The clinical significance of PHC as a potential source of clinically significant lower GI hemorrhage was emphasized by some investigators [8], [20]. Low frequency (1%) of bleeding from rectal varices was reported compared to oesophageal varices [17] .This low frequency may be related to the relatively thicker walls and deeper site of rectal varices compared to those in the oesophagus. Herein, 20% of patients had history of bleeding per rectum that significantly correlated with the presence of haemorrhoids and rectal varices but not with the presence of hyperaemic colonic mucosa or angiodysplastic lesions. In agreement with our results, Ghoshal et al. [15] concluded that haematochezia was associated with the detection of colorectal varices but not PHC.
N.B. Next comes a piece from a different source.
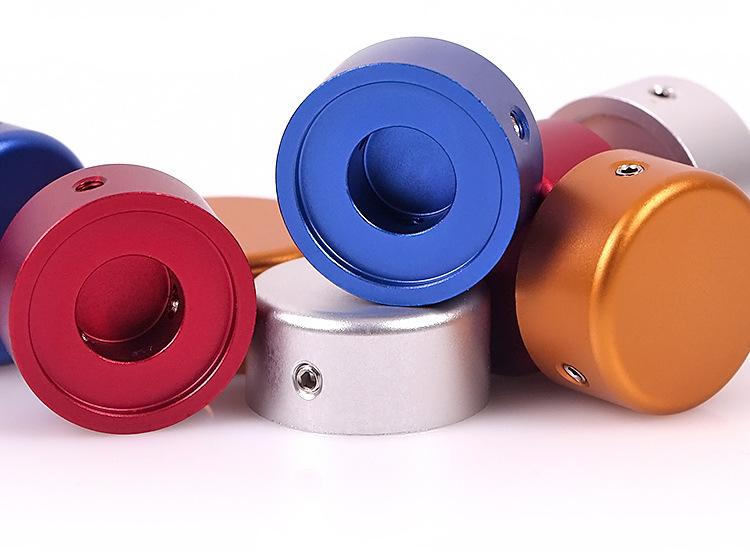 Electric guitar effector foot nail cap aluminum alloy nail cap single pedal cap string button cover electric guitar accessories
In the current study, the results of histopathological evidence of PHC were in concordance with endoscopic features. The significant association between the endoscopic and histopathological findings of PHC underlines the importance of colonoscopic examination. Thus, PHC can be suggested on the basis of macroscopic appearance without the need for histopathological confirmation. In contrast to our data, Misra et al. [7] concluded that the major histopathological changes in colonic mucosa in PHT had no relation with the clinical or endoscopic findings. Like we did in this study, some studies have included the histopathological entity of mild chronic inflammatory infiltrate in the diagnosis of PHC [7], [6] .They stated that mucosal abnormalities in PHC is associated with non-significant inflammatory infiltrates that may be confused with colitis. Thus, a standardized grading system to classify the endoscopic appearance and severity of PHC should be adopted.

It should be put into consideration that there are limitations in this study as it included 40 patients only and a small percentage of patients with history of endoscopic interventions or lower GI bleeding. We think that a larger study is needed so the results can be generalized.